Wednesday’s meeting between President Biden and Chinese President Xi Jinping will address difficult issues such as the supply of fentanyl from Asia and the lack of military communications, the White House said.
Fox News spoke with NSC Indo-Pacific Coordinator Kurt Campbell this week — Campbell was recently nominated to serve as deputy secretary of state.
“I can tell you that President Biden intends to make it very clear to President Xi to prepare. He’s going to deal with President Biden for the next five years,” Campbell told Fox News Digital.
“These are difficult diplomatic meetings,” he continued. “President Biden has a lot of experience. They’ve known each other for a long time. This is an important meeting. It will be intense.”
Biden and Xi shook hands Wednesday in San Francisco. One of the main topics of discussion between the two world leaders is the ongoing fentanyl crisis in the United States.
“The president charged us several months ago to try to achieve some sort of progress on one of the most terrible things affecting America, the fentanyl crisis,” Campbell told Fox News Digital. “So we worked for several months with Chinese interlocutors to demand progress in removing support for precursors that are produced by Chinese companies and then shipped largely to Latin America. And then they head to the states -United.”

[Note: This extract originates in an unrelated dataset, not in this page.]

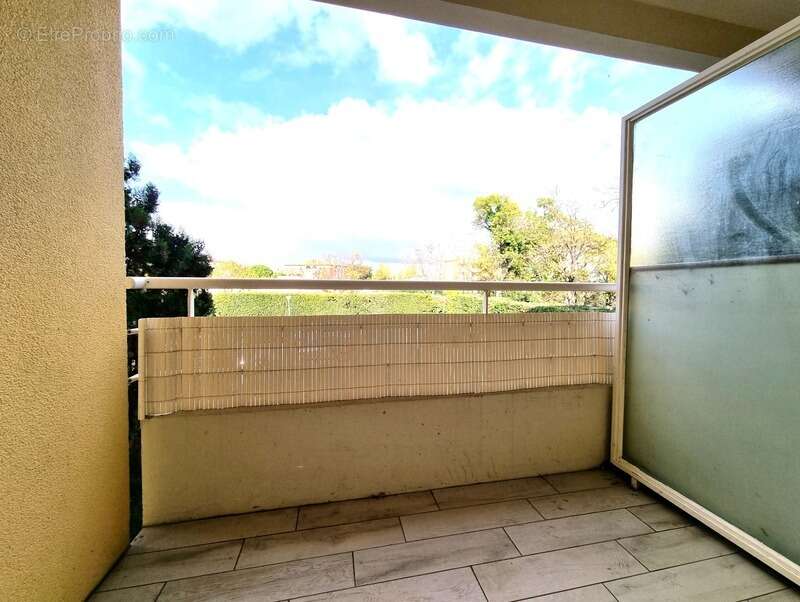 Appartement à LATTES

“We will have to see how this is implemented,” Campbell continued. “But so far, we believe that the Chinese are going to take significant steps that will essentially help us bring under control one of the most terrible drug epidemics that the United States has ever faced. There is some discussion about that .If they, in fact, make these arrests and shut down these businesses, then we will lift some sanctions.”

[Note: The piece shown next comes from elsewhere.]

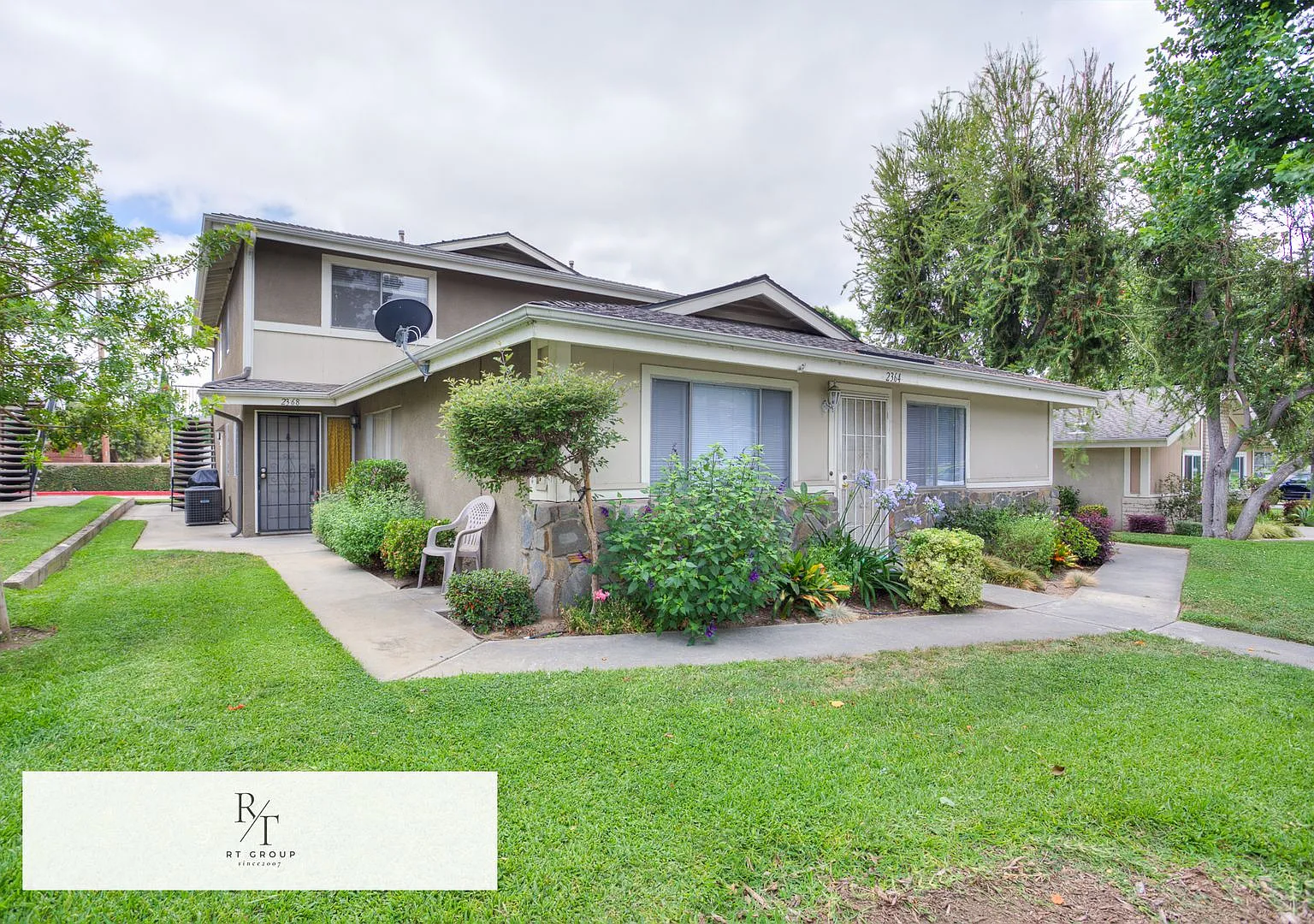 2 Bed | 1 Bath Condo in the Desirable Villa La Verne Community — Photo 2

Another major concern to be addressed between Biden and Xi is the trend of increasingly frequent Chinese-on-Chinese incidents. US Army.
“We are seeing a lot of activity, Chinese pilots and ships operating in unsafe ways and endangering forward-deployed U.S. military personnel in the Indo-Pacific,” Campbell said.
Government officials have reported that communications between Chinese and U.S. military commands have become difficult, with Chinese military leaders refusing to engage meaningfully with their American counterparts.
“We are seeking to establish responsible mechanisms that can manage communications in a crisis to avoid escalation and inadvertence. And I think the Chinese will understand that this is in their best interest as well,” Campbell added.